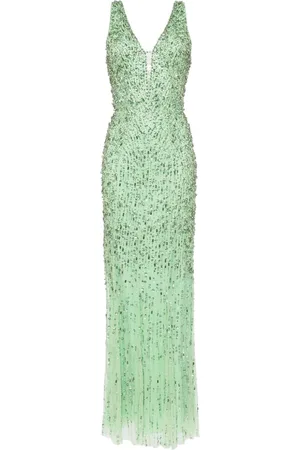 Jenny Packham Abito da sera Libra con cristalli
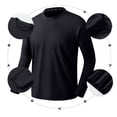 thumbnail image 4 of AherBiu Plus Size Men's Long Sleeve Shirts Crewneck Quick Drying Lightweight Athletic Tees Running Workout Active Pullover Tops, 4 of 7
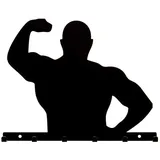 Bentatec Schlüsselbrett Muskelmann in schwarz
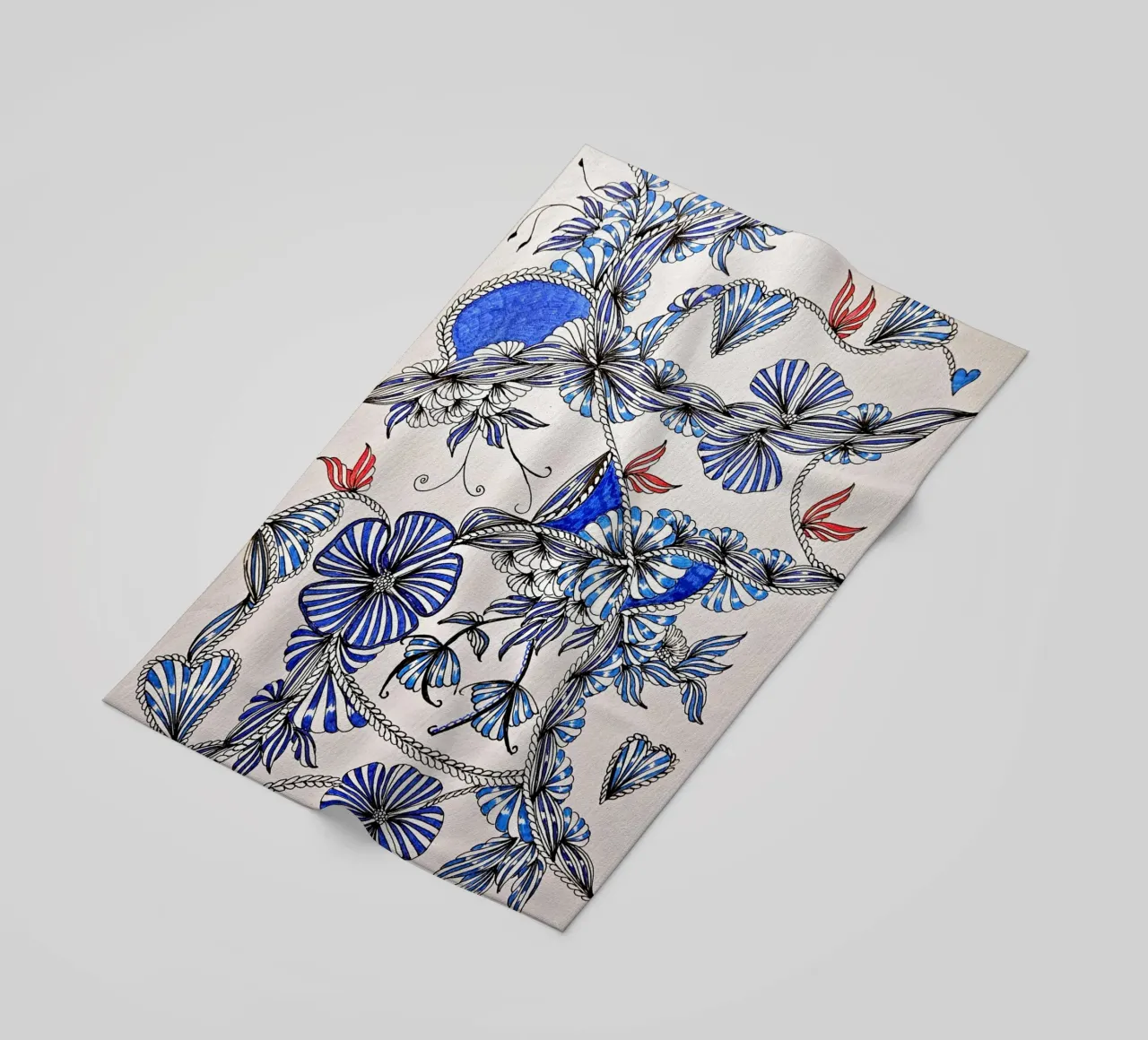 SINFONIA BLU telo mare da L'Atelier des merveilles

• **Goal of the exercise**: Where pictures sit among the data above, omit them, and output the rest exactly.

• **Result of this exercise**:
 Jenny Packham Abito da sera Libra con cristalli
 thumbnail image 4 of AherBiu Plus Size Men's Long Sleeve Shirts Crewneck Quick Drying Lightweight Athletic Tees Running Workout Active Pullover Tops, 4 of 7
 Bentatec Schlüsselbrett Muskelmann in schwarz
 SINFONIA BLU telo mare da L'Atelier des merveilles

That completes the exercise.